7.      Faktor lain yang berperan adalah penyempitan sungai dan berkurangnya kapasitas kanal, dan sungai dalam mengalirkan air akibat sampah dan sedimentasi dimana faktor manusia lebih dominan.
8.      Salah satu upaya untuk penanganan masalah limpasan dan banjir adalah teknologi Bioretensi.
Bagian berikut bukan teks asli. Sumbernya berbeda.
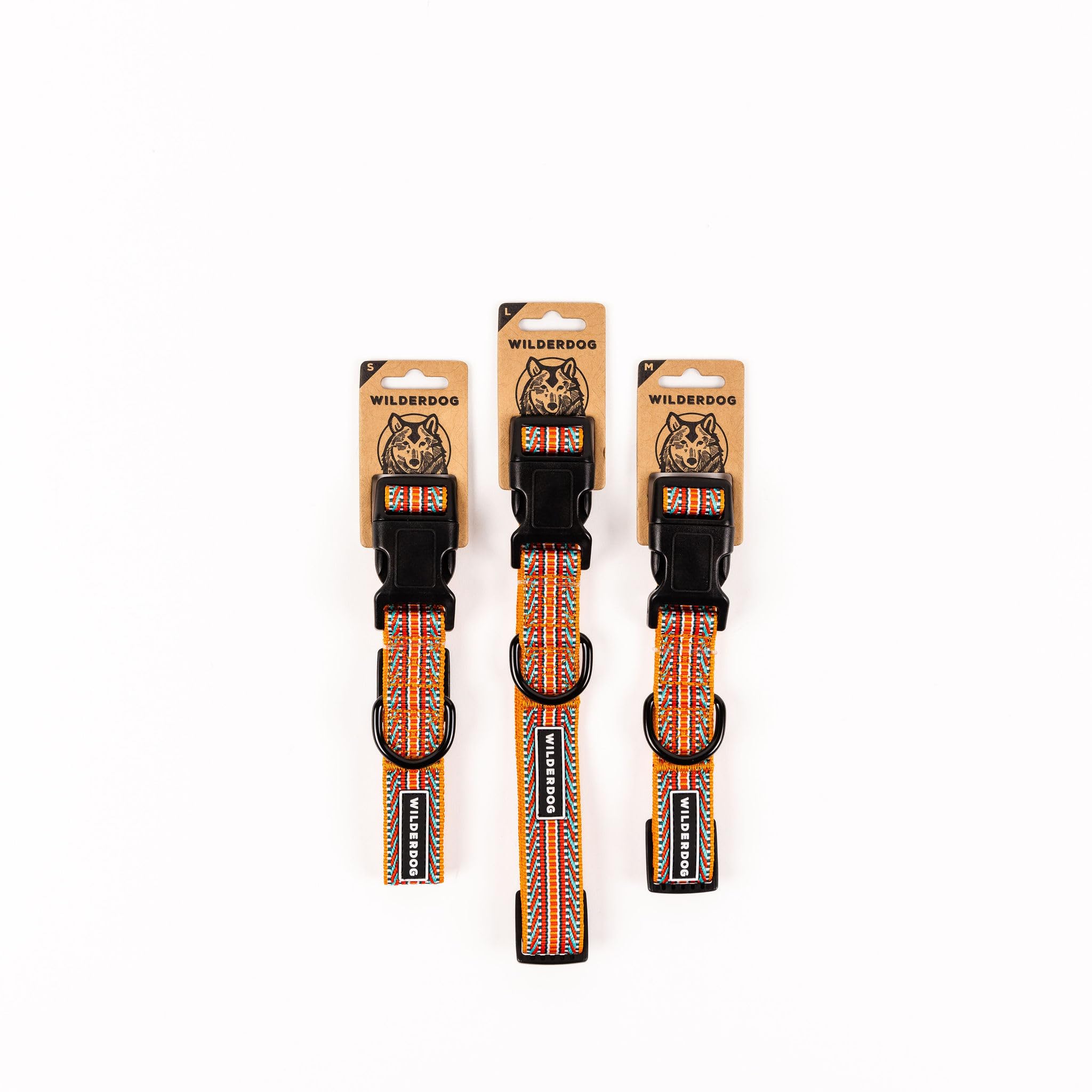 Wilderdog Ultralight Collar Series For Dogs - Medium - Sienna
Bioretensi adalah teknologi aplikatif dengan mengambungkan unsur tanaman (green water) dan air (blue water) di dalam suatu bentang lahan dengan semaksimal mungkin merespkan air ke dalam tanah.
9.      Ada dua faktor yang menyebabkan terjadinya banjir, yaitu pertama perubahan lingkungan dimana di dalamnya ada perubahan iklim, perubahan geomorfologi, perubahan geologi dan perubahan tata ruang dan kedua adalah perubahan dari masyarakat itu sendiri.
10.  Berdasarkan kesimpulan penelitian dan kajian LAPAN (2006), bukan hanya faktor iklim yang menyebabkan terjadinya banjir, tetapi juga disebabkan oleh perubahan penggunaan lahan dan penyempitan saluran drainase (sungai) atau DAS Ciliwung yang ada.
11.  Hasil penelitian Fakhrudin (2003) dalam Yuwono (2005) menunjukkan bahwa perubahan penggunaan lahan di DAS Ciliwung tahun 1990-1996 akan meningkatkan debit puncak dari 280 m3/det menjadi 383 m3/det, dan juga meningkatkan persentase hujan menjadi direct run-off dari 53% menjadi 63%.
12.  Menurut Priatna (2001) kerusakan tanah akibat terjadinya erosi dapat menyebabkan bahaya banjir pada musim hujan, pendangkalan DAS Ciliwung, sungai, atau waduk serta makin meluasnya lahan-lahan kritis.